The Guardian reports on the state of Australia today.
Even John Le Carre & Graham Greene would be baffled by this stage and to think former Australian PM Turnbull came to political prominence bashing the Brits on similar fare.
The Guardian writes
A legal challenge to the secrecy of information involved in the prosecution of a lawyer for representing whistleblower Witness K will itself be held in secret.
On Monday, the ACT court of appeal began a two-day hearing of Bernard Collaery’s appeal but closed the court to the public within five minutes due to the requirements of the National Security Information Act.
Independent human rights lawyers and Labor have criticised the secrecy involved in the case, as well as its cost.
The commonwealth is prosecuting Witness K and Collaery, his former lawyer, for disclosing information about the bugging of Timor-Leste government buildings in 2004, an operation that gave Australia the upper hand in talks to carve up resources in the Timor Sea.
Witness K has signalled an intention to plead guilty but Collaery is fighting the charges.

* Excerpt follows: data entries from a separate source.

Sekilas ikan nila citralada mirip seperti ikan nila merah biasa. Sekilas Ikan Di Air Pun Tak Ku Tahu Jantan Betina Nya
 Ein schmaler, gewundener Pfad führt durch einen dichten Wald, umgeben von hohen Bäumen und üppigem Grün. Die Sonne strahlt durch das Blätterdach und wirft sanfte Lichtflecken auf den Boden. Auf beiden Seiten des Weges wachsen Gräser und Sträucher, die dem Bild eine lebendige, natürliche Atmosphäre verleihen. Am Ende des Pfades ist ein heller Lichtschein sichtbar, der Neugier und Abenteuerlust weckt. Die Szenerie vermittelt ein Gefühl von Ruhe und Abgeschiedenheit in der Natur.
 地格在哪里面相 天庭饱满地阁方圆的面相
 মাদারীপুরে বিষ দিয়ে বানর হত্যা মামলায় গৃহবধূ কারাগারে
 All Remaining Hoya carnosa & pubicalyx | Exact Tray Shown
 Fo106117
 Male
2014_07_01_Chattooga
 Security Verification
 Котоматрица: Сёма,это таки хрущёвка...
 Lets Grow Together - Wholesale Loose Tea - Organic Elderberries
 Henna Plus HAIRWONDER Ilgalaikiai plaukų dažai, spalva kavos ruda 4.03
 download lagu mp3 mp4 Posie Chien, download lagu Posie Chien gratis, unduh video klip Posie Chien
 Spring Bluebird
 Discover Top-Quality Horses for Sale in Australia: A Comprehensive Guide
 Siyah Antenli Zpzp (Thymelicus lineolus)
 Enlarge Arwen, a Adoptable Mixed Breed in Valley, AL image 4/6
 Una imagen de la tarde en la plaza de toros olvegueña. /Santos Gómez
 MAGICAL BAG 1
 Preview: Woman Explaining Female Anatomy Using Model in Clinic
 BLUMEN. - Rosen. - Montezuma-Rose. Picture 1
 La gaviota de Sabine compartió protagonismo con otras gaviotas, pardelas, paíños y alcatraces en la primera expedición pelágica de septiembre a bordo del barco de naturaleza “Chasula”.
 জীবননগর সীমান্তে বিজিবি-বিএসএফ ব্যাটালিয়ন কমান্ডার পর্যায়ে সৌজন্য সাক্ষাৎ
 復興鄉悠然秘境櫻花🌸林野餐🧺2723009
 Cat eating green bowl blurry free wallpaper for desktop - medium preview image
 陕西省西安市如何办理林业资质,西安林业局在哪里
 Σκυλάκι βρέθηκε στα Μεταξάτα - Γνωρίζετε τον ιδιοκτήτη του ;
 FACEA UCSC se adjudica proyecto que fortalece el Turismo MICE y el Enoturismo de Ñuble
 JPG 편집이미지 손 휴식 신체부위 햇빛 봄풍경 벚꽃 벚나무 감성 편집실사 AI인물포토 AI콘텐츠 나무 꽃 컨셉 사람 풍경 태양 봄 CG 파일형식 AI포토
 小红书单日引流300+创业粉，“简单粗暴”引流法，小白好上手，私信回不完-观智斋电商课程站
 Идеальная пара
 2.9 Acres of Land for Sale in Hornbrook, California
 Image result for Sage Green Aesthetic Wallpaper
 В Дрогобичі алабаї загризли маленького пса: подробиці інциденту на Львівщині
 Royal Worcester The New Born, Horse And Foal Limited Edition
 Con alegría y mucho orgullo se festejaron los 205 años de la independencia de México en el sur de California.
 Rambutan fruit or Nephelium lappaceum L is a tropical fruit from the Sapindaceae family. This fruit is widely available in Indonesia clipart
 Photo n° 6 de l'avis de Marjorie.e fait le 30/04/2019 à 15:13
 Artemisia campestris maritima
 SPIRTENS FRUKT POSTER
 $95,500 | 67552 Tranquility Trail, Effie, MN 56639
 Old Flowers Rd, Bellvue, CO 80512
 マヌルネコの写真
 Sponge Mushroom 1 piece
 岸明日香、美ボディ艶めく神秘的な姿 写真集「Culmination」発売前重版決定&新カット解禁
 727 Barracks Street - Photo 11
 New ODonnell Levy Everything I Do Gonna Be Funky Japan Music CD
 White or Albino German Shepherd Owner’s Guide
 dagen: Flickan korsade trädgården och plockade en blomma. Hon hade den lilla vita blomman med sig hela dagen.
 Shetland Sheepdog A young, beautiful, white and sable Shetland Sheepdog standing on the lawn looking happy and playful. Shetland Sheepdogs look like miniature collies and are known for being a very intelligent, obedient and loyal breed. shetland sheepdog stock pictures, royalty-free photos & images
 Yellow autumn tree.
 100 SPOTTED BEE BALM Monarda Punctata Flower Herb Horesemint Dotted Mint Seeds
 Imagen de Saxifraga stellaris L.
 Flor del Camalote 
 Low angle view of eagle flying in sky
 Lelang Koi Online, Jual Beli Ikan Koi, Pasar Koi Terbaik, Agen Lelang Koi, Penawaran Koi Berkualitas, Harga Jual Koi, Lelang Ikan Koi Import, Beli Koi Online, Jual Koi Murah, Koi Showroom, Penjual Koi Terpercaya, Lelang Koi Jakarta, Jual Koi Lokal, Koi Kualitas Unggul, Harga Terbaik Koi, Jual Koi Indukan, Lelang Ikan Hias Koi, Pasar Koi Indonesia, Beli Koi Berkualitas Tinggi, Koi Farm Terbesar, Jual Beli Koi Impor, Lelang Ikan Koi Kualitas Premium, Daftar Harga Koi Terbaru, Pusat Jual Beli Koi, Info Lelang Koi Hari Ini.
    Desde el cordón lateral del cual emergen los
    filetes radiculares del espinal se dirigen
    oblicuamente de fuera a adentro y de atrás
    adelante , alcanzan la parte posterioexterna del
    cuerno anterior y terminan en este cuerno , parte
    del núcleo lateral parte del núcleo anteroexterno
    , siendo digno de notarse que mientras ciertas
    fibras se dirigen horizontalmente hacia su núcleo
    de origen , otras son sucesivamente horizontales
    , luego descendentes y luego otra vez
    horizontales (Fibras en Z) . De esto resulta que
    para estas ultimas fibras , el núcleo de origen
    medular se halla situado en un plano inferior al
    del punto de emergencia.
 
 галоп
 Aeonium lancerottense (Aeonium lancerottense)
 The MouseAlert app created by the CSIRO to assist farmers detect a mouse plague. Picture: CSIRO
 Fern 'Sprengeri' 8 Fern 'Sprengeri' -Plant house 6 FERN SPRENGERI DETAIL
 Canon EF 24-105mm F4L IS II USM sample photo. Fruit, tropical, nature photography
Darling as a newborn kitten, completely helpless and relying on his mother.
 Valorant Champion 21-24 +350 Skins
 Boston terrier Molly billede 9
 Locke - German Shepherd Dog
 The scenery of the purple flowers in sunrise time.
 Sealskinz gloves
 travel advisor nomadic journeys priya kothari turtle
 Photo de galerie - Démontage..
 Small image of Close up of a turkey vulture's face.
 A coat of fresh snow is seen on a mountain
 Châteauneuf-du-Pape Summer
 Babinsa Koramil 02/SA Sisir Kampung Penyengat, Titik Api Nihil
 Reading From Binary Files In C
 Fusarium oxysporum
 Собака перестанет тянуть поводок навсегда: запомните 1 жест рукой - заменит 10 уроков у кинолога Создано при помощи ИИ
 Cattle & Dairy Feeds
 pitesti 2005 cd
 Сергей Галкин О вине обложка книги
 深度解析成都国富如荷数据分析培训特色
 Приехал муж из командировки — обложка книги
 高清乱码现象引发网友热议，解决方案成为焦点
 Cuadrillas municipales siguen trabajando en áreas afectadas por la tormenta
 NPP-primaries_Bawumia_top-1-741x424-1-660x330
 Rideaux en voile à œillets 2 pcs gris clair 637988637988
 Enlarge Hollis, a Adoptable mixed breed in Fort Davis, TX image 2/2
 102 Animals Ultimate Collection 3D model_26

Details of the case and evidence are shrouded in secrecy due because the government has deemed them secret under the NSI Act.
The ACT supreme court initially upheld the secrecy of that information, which Collaery has now appealed.
On Monday the ACT chief justice, Helen Murrell, noted the appeal would begin with an application to lead further evidence and then asked parties’ views on closing the court to the public.
Bret Walker, counsel for Collaery, noted that he was not applying to do so but was “afraid” closing the court was required by the NSI Act, adding that he “[regrets] the appearance of that”.
The court remained closed through the rest of Monday’s hearing and – like the appeal at first instance – will not be reopened to the public.
Kieran Pender, a senior lawyer at the Human Rights Law Centre, said “the prosecution of Bernard Collaery, and the secrecy surrounding it, is wrong and undemocratic”.
“We should be protecting whistleblowers, not punishing them,” he said.